Skip to main content

Illumio Core 25.1 Administration Guide

Core Node Failure

In this failure case, one of the core nodes completely fails. This situation occurs anytime a node is not communicating with any of the other nodes in the cluster; for example, a node is destroyed, the node's SDS fails, or the node is powered off or disconnected from the cluster.

pce-ha-dr-1.png

Stage

Details

Preconditions

The load balancer must be able to run application level health checks on each of the core nodes in the PCE cluster, so that it can be aware at all times whether a node is available.

Important

When you use a DNS load balancer and need to provision a new core node to recover from this failure, the runtime_env.yml file parameter named cluster_public_ips must include the IP address of your existing core nodes and the IP addresses of the replacement nodes.
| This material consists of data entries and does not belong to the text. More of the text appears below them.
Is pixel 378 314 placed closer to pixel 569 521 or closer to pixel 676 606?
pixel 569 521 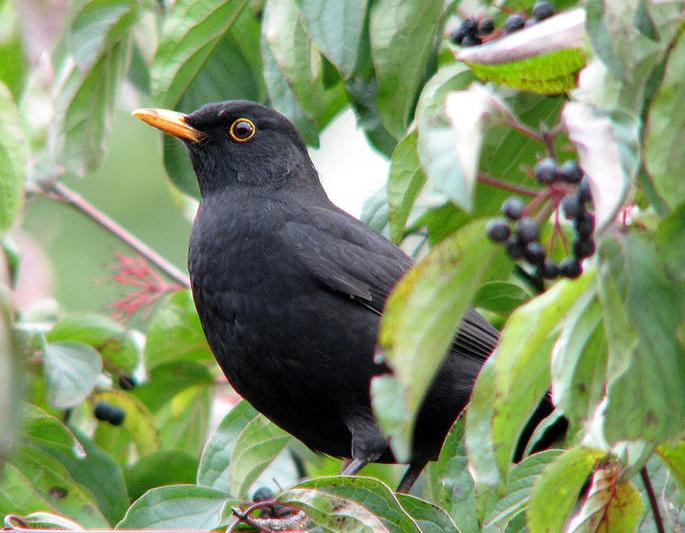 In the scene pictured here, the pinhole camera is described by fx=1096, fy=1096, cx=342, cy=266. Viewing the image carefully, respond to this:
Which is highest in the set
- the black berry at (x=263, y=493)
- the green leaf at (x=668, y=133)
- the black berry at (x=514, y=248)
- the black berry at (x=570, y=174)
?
the green leaf at (x=668, y=133)

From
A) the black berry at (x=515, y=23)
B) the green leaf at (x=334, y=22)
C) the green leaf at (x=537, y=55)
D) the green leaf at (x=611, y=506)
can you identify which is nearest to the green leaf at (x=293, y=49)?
the green leaf at (x=334, y=22)

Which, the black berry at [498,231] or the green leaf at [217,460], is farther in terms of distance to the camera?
the green leaf at [217,460]

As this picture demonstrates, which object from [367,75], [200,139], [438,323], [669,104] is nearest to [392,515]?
[438,323]

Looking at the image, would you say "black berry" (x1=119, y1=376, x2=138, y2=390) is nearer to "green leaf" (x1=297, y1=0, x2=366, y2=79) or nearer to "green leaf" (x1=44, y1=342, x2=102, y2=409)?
"green leaf" (x1=44, y1=342, x2=102, y2=409)

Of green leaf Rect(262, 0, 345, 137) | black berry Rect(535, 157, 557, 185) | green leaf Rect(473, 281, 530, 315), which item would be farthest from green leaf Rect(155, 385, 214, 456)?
black berry Rect(535, 157, 557, 185)

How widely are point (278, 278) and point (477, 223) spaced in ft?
7.33

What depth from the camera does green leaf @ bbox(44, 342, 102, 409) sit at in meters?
3.75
When this is not configured correctly, VENs will not have outbound rules programmed to allow them to connect to the IP address of the replacement node. Illumio recommends that you preallocate these IP addresses so that, in the event of a failure, you can restore the cluster and the VENs can communicate with the replacement node.

Failure Behavior

PCE

  • The PCE is temporarily unavailable.

  • Users might be unable to log into the PCE web console.

  • The PCE might return an HTTP 502 response and the /node_available API call might return an HTTP 404 error.
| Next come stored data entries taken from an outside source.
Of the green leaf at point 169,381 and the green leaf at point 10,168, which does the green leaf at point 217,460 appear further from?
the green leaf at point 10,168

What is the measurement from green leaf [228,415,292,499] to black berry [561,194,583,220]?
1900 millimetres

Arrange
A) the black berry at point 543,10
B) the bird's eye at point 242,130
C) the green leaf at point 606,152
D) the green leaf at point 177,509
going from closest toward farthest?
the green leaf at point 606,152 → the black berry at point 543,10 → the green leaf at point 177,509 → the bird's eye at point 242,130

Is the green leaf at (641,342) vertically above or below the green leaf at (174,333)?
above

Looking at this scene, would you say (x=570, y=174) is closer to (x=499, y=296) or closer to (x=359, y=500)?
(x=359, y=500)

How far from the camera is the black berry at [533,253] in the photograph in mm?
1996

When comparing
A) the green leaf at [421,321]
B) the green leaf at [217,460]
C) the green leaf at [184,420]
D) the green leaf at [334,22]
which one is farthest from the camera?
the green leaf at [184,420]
  • Other services that are dependent on the failed services might be restarted within the cluster.

VENs

  • VENs are not affected.

  • VENs continue to enforce the current policy.
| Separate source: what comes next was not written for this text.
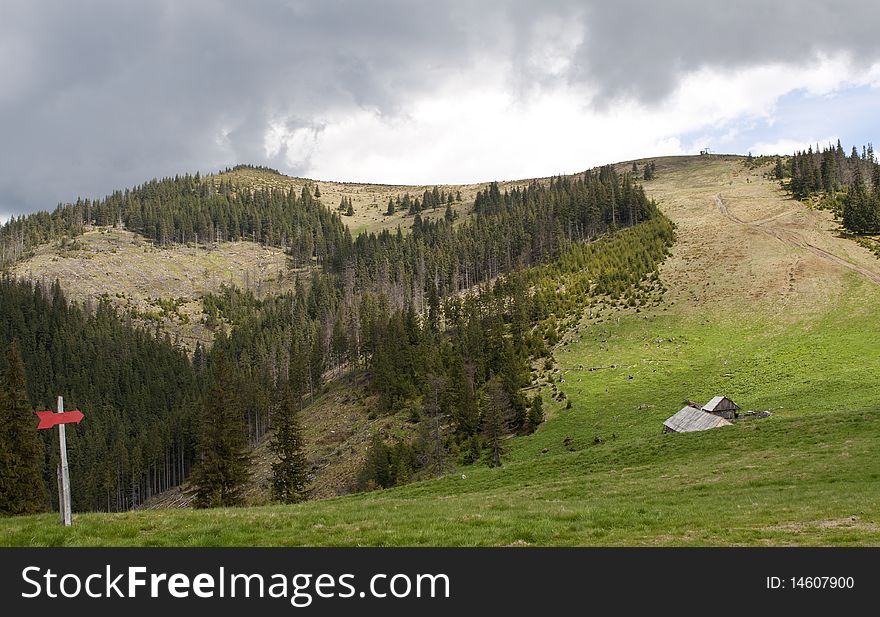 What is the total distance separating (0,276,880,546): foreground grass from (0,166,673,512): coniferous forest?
13231 millimetres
  • When a VEN misses a heartbeat to the PCE, it retries in 5 minutes.

Recovery

  • Recovery type: Automatic. The cluster has multiple active core nodes for redundancy.

  • Recovery procedure: None required.

  • RTO: 5 minutes.

  • RPO: Zero. No data loss occurs because the core nodes are stateless.

Full Recovery

Either recover the failed node or provision a new node and join it to the cluster.